Last update August 23, 2019

自分のレベルを知る (3)



日常会話レベル

このセグメントの人は、一人で海外旅行したり、買物したり、いわゆる英語圏での日常生活には不自由しません。また、英語圏の友だちといっしょに遊んだり、日常的な会話を楽しんだりすることもできます。英語の発音やイントネーションなどもいちおうできている段階で、相手の言っていることもわかるし相手にも通じさせることができるという段階です。

ちょうど、高校生くらいで英語圏に1~2年留学し、現地の人たちの中で生活して帰国したレベルだと言えるかもしれません。見た感じも非常に流暢に英語をしゃべっていたりします。友人あての英文の手紙などもすらすら書くことができます。日本に来た外国人を観光名所に連れて行って、だいたいの説明をすることもできます。「英語で会話をすることが楽しい」と思うのもこの段階からでしょう。

しかし、英語的には少年少女の段階で大人の本格的な英語ではないと考えることができます。

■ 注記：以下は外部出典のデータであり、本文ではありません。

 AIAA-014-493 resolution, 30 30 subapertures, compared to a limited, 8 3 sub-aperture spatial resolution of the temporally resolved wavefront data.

日常的な内容のことなら不自由しませんが、高度な内容や抽象的な話になると語彙力や表現力がついていきません。英語にも、微妙なニュアンスの言いまわしや婉曲的な表現はありますが、このレベルではダイレクトに表現することにとどまっているようです。

つまり、まだ表現能力には乏しい段階です。英語の文章を書いても、どことなく稚拙になります。よく、自分で正式な文書の翻訳などをして、ネイティブチェックで全部書き直されたが、間違っていないのになぜ?といったような経験をするのもこの段階です。自分が今使っている以上の表現レベルがあるという認識もないのが普通です。自分は「できる」と思っていますから、なかなか認識に至りにくいこともあります。

逆に言うと、このレベルで止まってしまう人も多いということです。日本でも英語が少しできるという人の中で、このレベルにとどまっている人が最も多いのではないかと思います。何を隠そう筆者自身もそうでしたが、この段階でヘンな自信を持ってしまうので、これ以上努力しようという気が起こらなかったり、自分の英語はまだまだなのにそれが認識できず、イヤな体験をしてイヤになって中断してしまうということもあります。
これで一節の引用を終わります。